Directions: Pictures aside, repeat the listing below exactly.

Information provided:
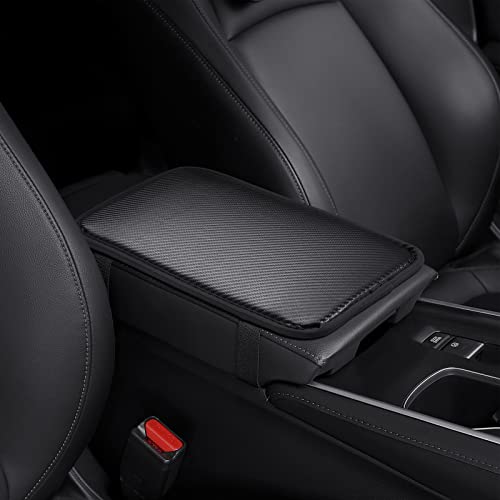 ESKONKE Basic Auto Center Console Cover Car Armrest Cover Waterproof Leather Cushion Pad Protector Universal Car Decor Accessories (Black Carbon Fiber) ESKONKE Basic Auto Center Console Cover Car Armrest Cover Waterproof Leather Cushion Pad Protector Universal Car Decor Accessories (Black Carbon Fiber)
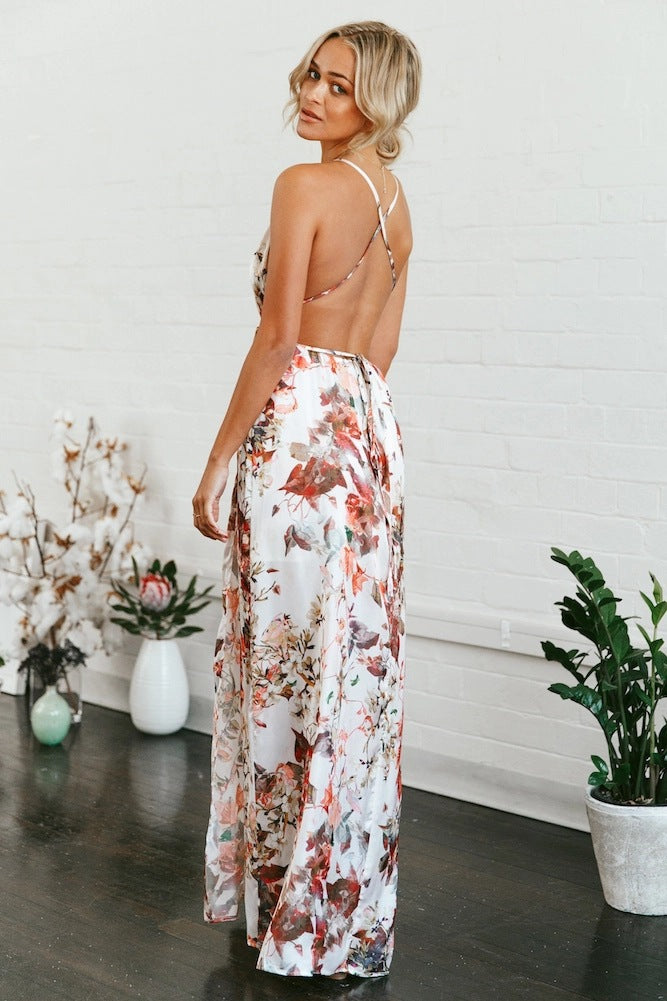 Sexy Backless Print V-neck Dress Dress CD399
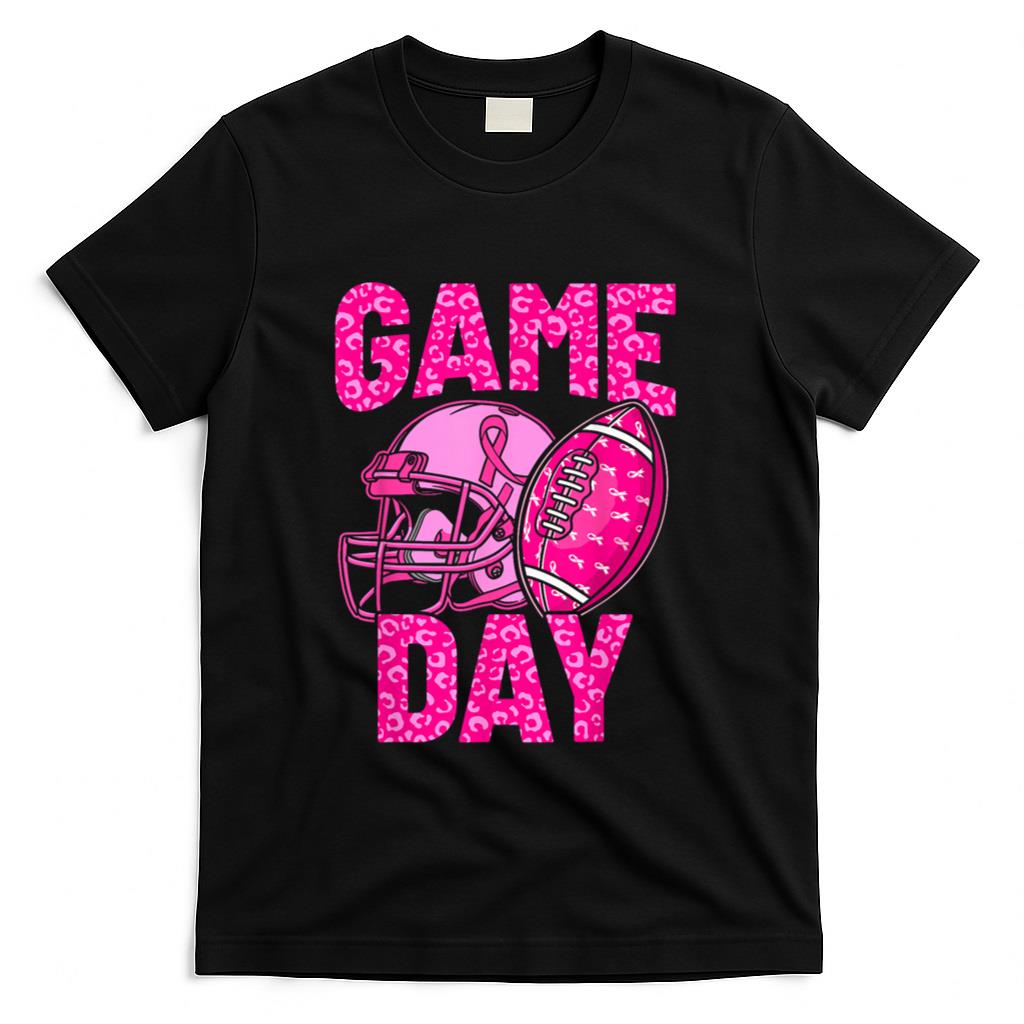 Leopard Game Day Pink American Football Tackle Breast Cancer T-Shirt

Expected answer:
 ESKONKE Basic Auto Center Console Cover Car Armrest Cover Waterproof Leather Cushion Pad Protector Universal Car Decor Accessories (Black Carbon Fiber) ESKONKE Basic Auto Center Console Cover Car Armrest Cover Waterproof Leather Cushion Pad Protector Universal Car Decor Accessories (Black Carbon Fiber)
 Sexy Backless Print V-neck Dress Dress CD399
 Leopard Game Day Pink American Football Tackle Breast Cancer T-Shirt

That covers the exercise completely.